These notes cover only the basics of SQL programming. They do not cover the whole language. They do not cover database design.
There is an international standard for SQL, the most recent being SQL:2003. A brief history (taken from Wikipedia):
Although there's an official standard, it's likely no one implements it 100%; all vendors have tons of extensions and tend to omit quite a bit of the standard they don't like. This situation might change as time goes on.
SQL is a programming language for relational databases. The most important, if not the only, data structure, is the table.
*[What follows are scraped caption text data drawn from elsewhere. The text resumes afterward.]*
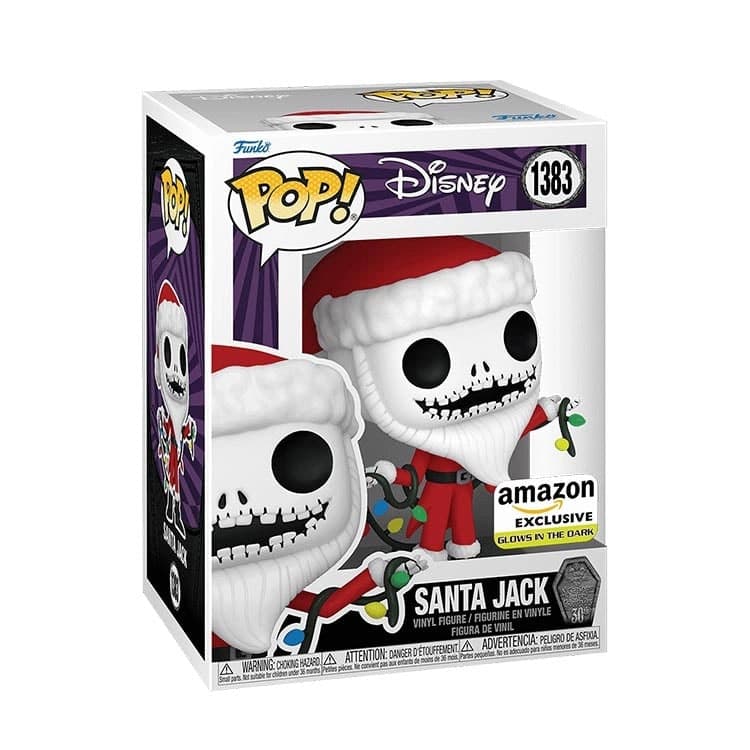 فیگور فانکو پاپ طرح Disney Santa Jack Glow – کد 1383 — تصویر ۳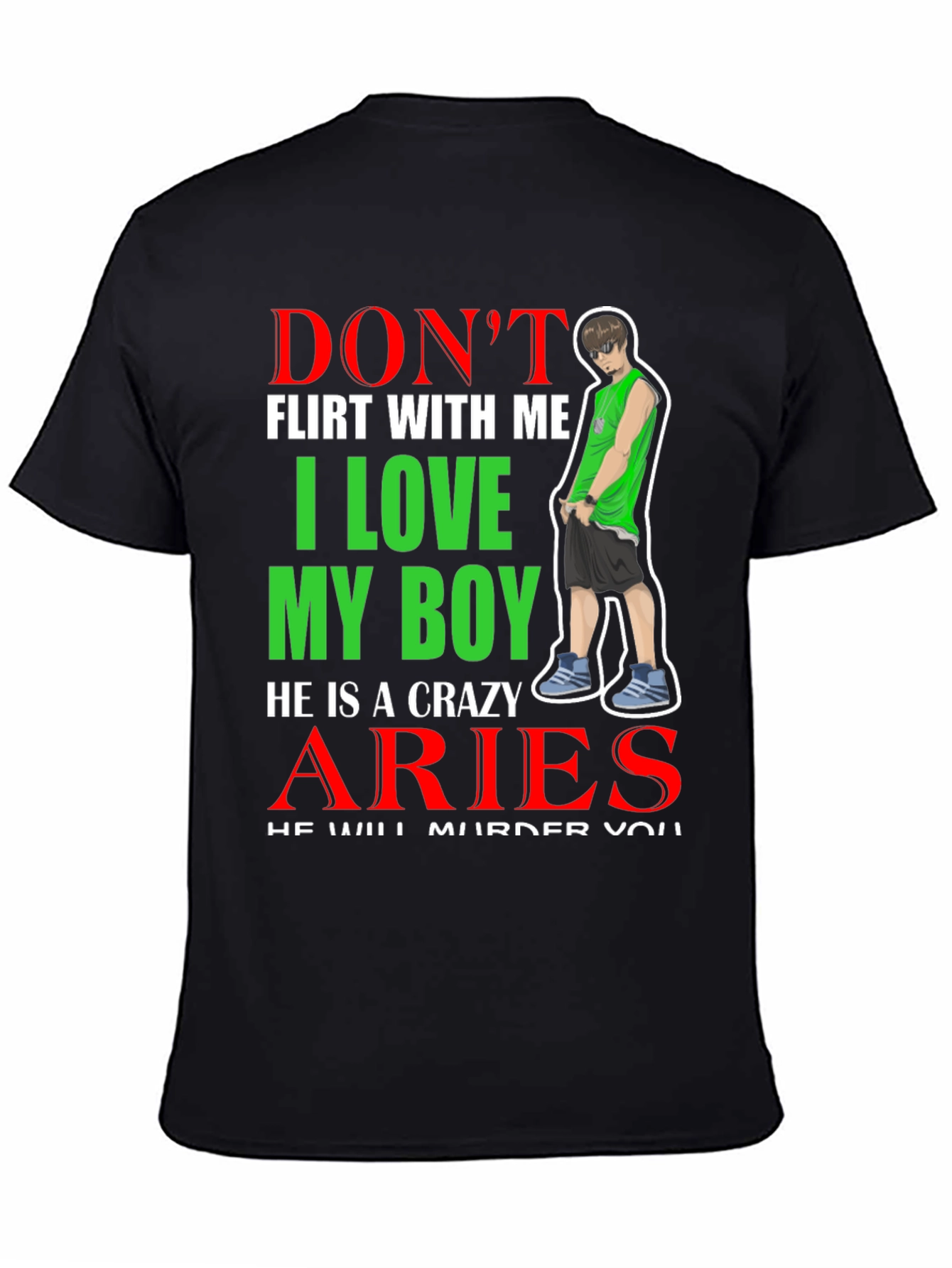 Dont Flirt With Me Aries Boy T-Shirt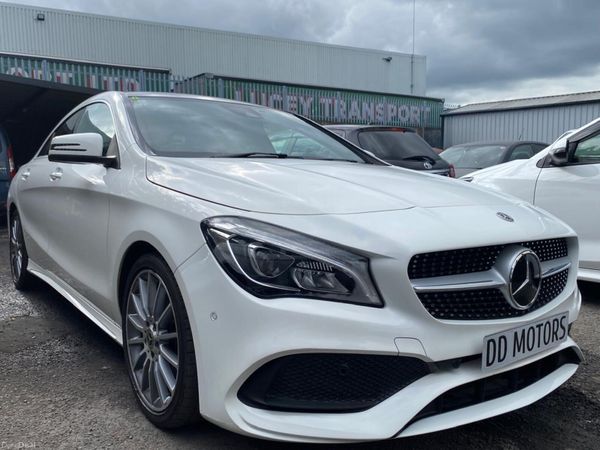 Mercedes-Benz CLA Saloon, Petrol, 2018, White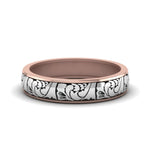 Load image into Gallery viewer, black-enamel-vintage-looking-band-in-rose-gold-FD908WB-NL-RG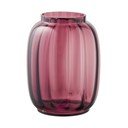 Vază roșie din sticlă lucrată manual (înălțime 21 cm) – House Nordic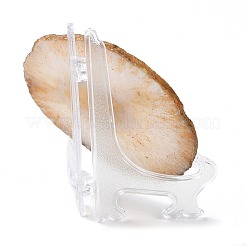 Ornement en pierre de tranche d'agate naturelle imprimée&nbsp;DJEW-M011-02J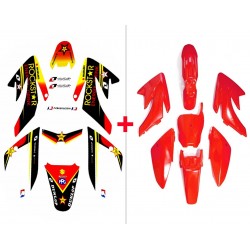 Pack Kit Rockstar CRF70 (Deco+Plastique) Dirt Bike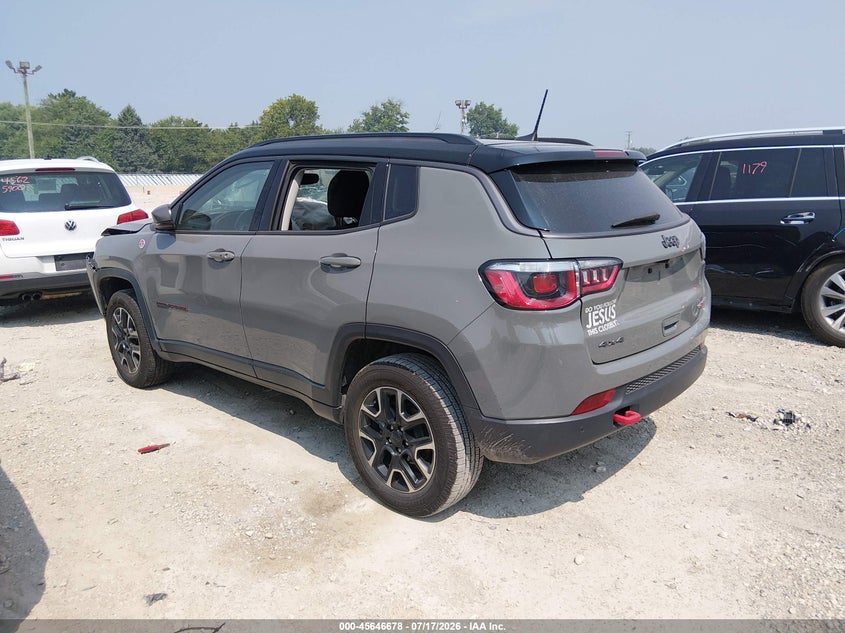 Vin: 3c4njddb2lt151323, lot: 46145233, jeep compass trailhawk 4x4 20203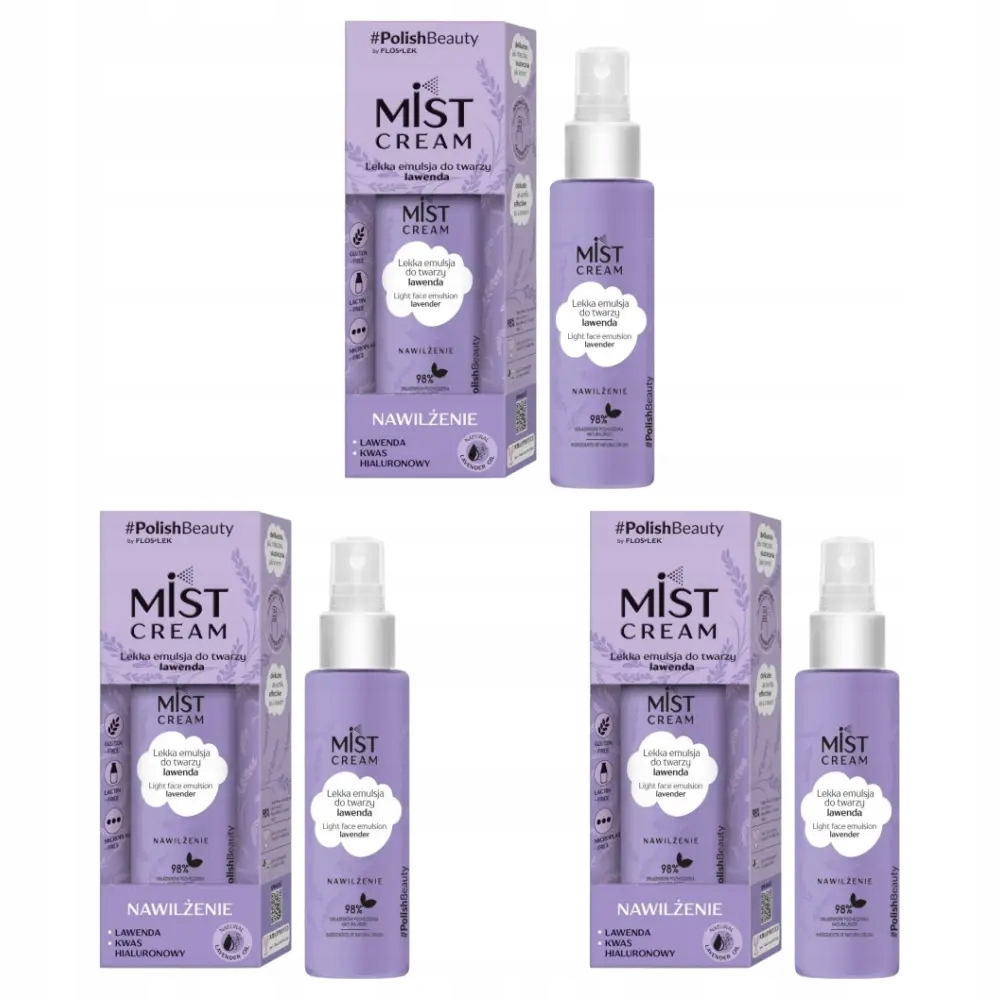 Mist Cream lekka emulsja do twarzy Lawenda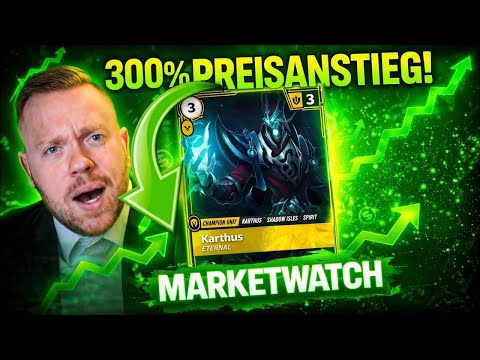 300% Preisanstieg! Riftbound Marketwatch diese Karte sind bald unbezahlbar!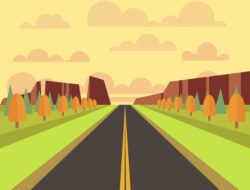 Ilustrasi Jalan Tol//macrovector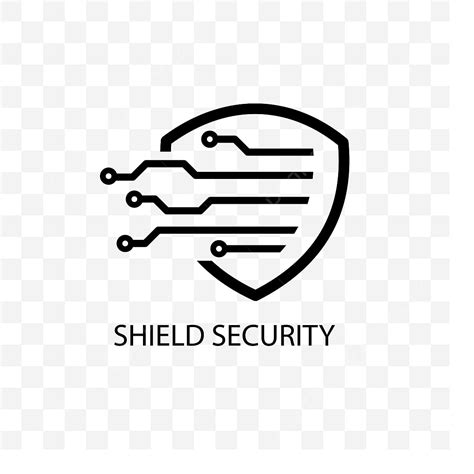 Perisai Desain Logo Keamanan Dengan Desain Ilustrasi Digital Aplikasi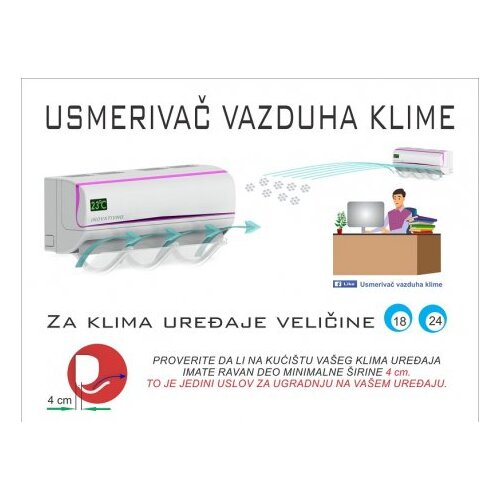  USMERIVAC ZA KLIMU 18 Cene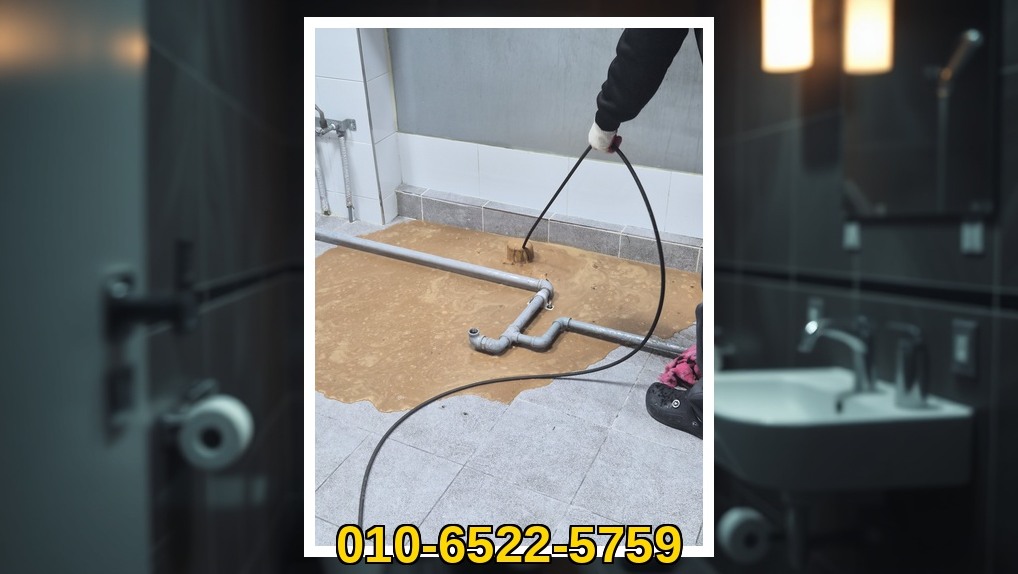 오산 신장1동 배관막힘 전문업체 실제 작업 사진 5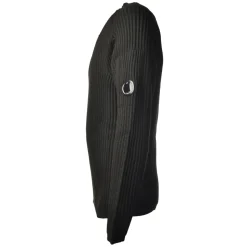 C.P. Company - Crewneck Pullover with Raglan Sleeve - Black - Sweater - Luxury Exclusive Collection - Avvenice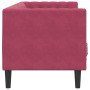 Sofá Chesterfield 3 plazas con cojines terciopelo rojo tinto de , Sofás - Ref: Foro24-372697, Precio: 297,83 €, Descuento: %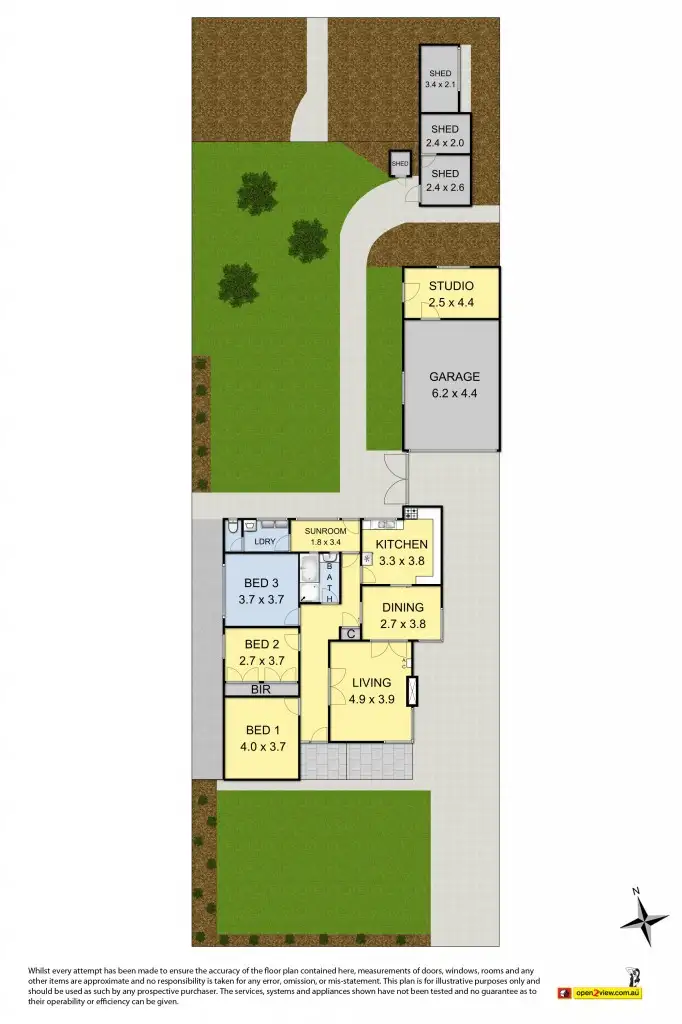 Floorplan of Homely house listing, 42 Eames Avenue, Brooklyn VIC 3012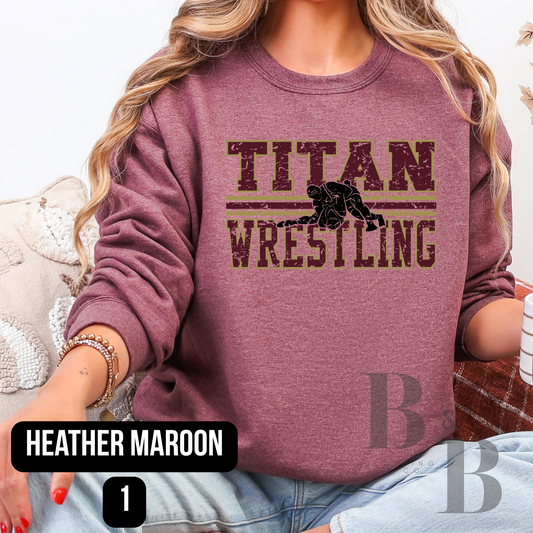 HEATHER MAROON Adult TEE|CREWNECK|HOODIE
Here is how you make tables in SQL:
create table Employee (
id integer not null primary key,
name varchar(40) not null,
departmentName varchar(20),
floor integer,
managerId integer,
salary decimal);
create table Department (
name varchar(20) not null primary key,
managerId integer,
foreign key (managerId) references Employee(id));
alter table Employee
add foreign key (departmentName) references Department(name);
create table Project (
id integer not null primary key,
name varchar(30),
budget decimal);
create table Assignment (
employeeId integer not null,
projectId integer not null,
role varchar(35),
primary key (employeeId, projectId),
foreign key (employeeId) references Employee(id),
foreign key (projectId) references Project(id));
create table Report (
id integer not null primary key,
title varchar(128),
departmentName varchar(20),
foreign key (departmentName) references Department(name));
you can visualize the tables as two-dimensional data structures, like
| Project | ||
|---|---|---|
| id | name | budget |
| | ||
Here PROJECT is the name of the table; id, name, and budget are called the attributes of the table. Each row in the table represents an instance of some particular project.
You can put data tables with an "insert" command:
insert into Project values (10, 'Longhorn', 250000.00);
Sometimes a particular attribute may be unknown or unnecessary for a particular row:
insert into Department
values ('Planning', null);
insert into Employee
values (36, 'Milner', 'Planning', 2, 16, 43911.26);
insert into Project
values (42299, 'Surface Analysis', null);
insert into Employee (name, floor, id, salary)
values ('Coquand', 10, 33, 92188.00);
Null values often make things pretty ugly. A thorough treatement of nulls is beyond the scope of this introduction. But we will study them later.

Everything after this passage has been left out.